• [Collected data]:
──────────

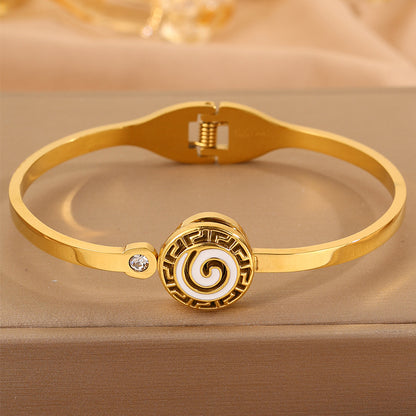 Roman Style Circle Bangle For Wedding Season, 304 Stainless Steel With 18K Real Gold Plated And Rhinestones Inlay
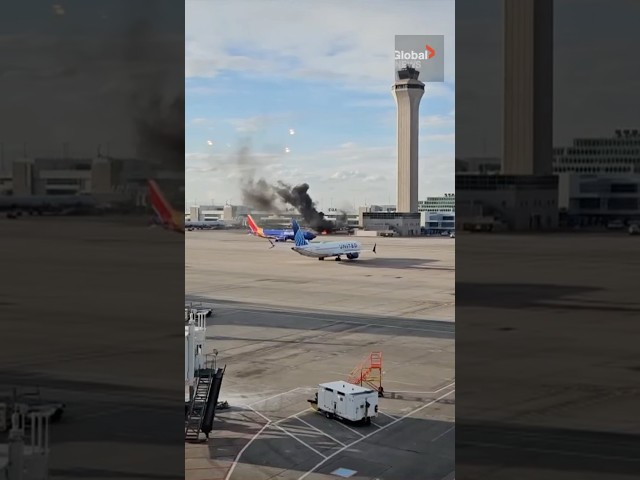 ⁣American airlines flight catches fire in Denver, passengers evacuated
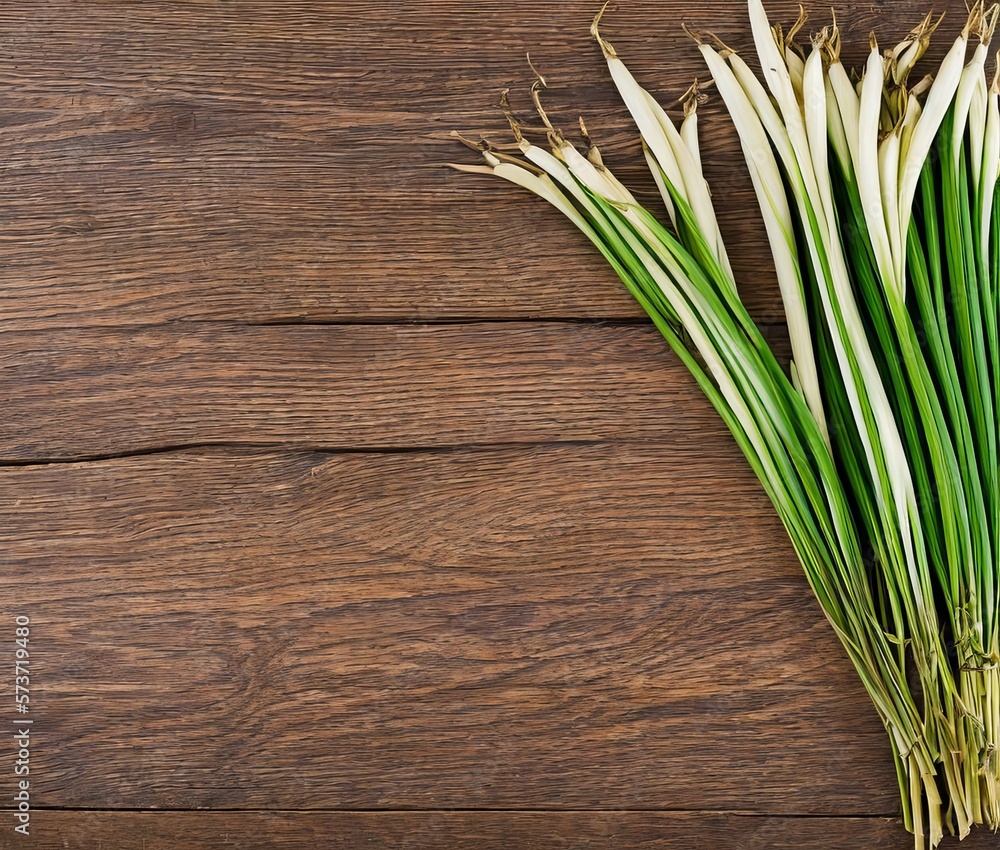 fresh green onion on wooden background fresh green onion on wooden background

──────────

Set down all of the material word for word, minus its pictures.

 Roman Style Circle Bangle For Wedding Season, 304 Stainless Steel With 18K Real Gold Plated And Rhinestones Inlay
 ⁣American airlines flight catches fire in Denver, passengers evacuated
 fresh green onion on wooden background fresh green onion on wooden background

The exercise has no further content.